*To do*
Consider the entries below. Count the lines holding the string "Cover" and state the number only.

*Data for the task*
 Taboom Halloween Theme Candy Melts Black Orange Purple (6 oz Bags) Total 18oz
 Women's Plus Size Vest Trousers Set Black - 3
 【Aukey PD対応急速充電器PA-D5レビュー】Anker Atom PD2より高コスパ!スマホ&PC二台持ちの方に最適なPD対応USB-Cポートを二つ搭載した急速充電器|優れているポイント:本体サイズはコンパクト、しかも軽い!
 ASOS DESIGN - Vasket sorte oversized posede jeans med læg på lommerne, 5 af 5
---
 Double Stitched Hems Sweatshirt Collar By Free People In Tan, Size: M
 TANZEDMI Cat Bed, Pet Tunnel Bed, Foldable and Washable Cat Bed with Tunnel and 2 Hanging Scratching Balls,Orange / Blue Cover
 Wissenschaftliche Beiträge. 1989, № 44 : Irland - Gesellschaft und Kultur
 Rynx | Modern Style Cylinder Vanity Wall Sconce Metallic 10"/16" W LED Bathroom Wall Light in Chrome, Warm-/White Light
---
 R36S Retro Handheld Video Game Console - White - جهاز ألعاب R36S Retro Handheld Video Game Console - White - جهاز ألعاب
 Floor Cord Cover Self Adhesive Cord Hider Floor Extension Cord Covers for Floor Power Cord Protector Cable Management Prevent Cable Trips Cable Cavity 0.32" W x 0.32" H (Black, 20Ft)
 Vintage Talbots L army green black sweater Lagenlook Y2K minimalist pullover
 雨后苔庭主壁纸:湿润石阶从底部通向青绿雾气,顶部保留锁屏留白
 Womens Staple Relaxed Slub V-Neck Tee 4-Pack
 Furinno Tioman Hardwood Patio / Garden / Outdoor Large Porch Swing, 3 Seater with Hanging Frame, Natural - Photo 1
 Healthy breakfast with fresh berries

*Written response*
2